El camino y la ciudad de Santiago son bienes conjuntos, en los que el valor de la totalidad se materializa en una pluralidad de elementos y de dueños. Así, la única forma de preservar el patrimonio público es establecer restricciones a los derechos de disposición de las múltiples propiedades privadas en que aquél se descompone, ampliando las obligaciones asociadas a ese derecho y regulando de forma específica materias que en otros ámbitos no lo necesitarían. Por ejemplo, en interés de todos, los propietarios de los edificios de la ciudad histórica de Santiago de Compostela no pueden alterar los volúmenes de sus casas, usar en ellas determinados materiales o desarrollar determinados usos, y es que la preservación del patrimonio exige esfuerzo, deberes, gastos, y también una actitud culta, madura, que fuerza a renunciar a expectativas inmediatas y personales para asegurar beneficios futuros y colectivos.

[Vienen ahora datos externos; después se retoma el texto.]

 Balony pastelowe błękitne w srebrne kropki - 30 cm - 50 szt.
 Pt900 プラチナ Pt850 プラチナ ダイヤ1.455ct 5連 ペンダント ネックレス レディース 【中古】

La resistencia de ciertos propietarios a asumir esas cargas se parece a las protestas de aquellos que han denunciado las medidas que imponen el gallego sobre el castellano: un rechazo a la relevancia del bien a preservar y a cómo esa preservación afecta a su ámbito personal. Y para tales rechazos, los excesos (que habelos haylos) se convierten en categoría.
Sin embargo, y por razones no muy distintas a las que nos hacen desear que una ciudad como Compostela preserve su forma y su vida, hay gallegos (entre los que me encuentro) que teniendo el castellano como lengua madre y considerándola, por tanto, como propia, entendemos que el gallego merece nuestro esfuerzo para asegurar su pervivencia como instrumento vivo de comunicación y no como vestigio de la historia. Y eso implica asumir de forma natural responsabilidades individuales de aprendizaje y uso y deberes exigibles legalmente.
Claro que con la misma naturalidad sabemos que el futuro de la lengua, mucho más que de la regulación política, depende de cómo los ciudadanos de Galicia la aprecien y la incorporen a su acervo como un bien no connotado partidariamente; de evitar líos como el de Galicia y Galiza; de cómo el hecho lingüístico se integre en una vivencia cultural amplia y comprometida con el patrimonio que atesoramos, que nos singulariza y nos une.
Ciudadanos y políticos deberíamos ponernos urgentemente a ello porque en ello no estamos.